Available data

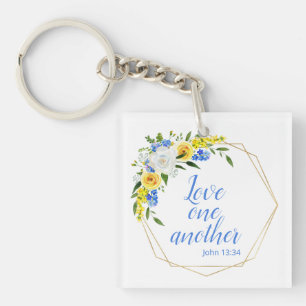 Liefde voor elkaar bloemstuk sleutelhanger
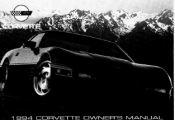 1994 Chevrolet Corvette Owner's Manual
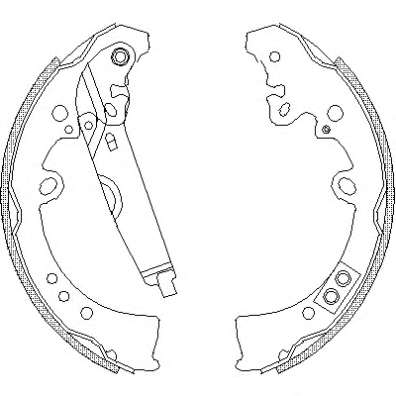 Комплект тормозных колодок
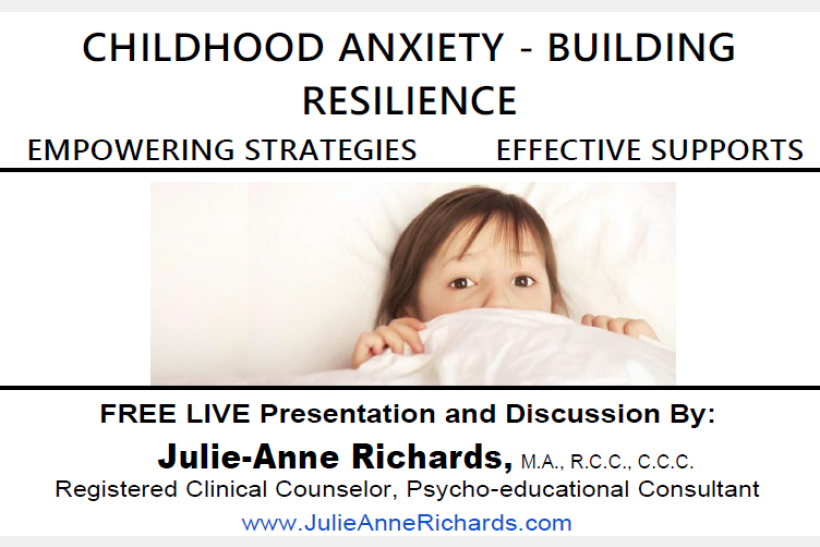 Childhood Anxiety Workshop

Work order
Repeat the listing word for word, and skip every picture it contains.

Result of this exercise
 Liefde voor elkaar bloemstuk sleutelhanger
 1994 Chevrolet Corvette Owner's Manual
 Комплект тормозных колодок
 Childhood Anxiety Workshop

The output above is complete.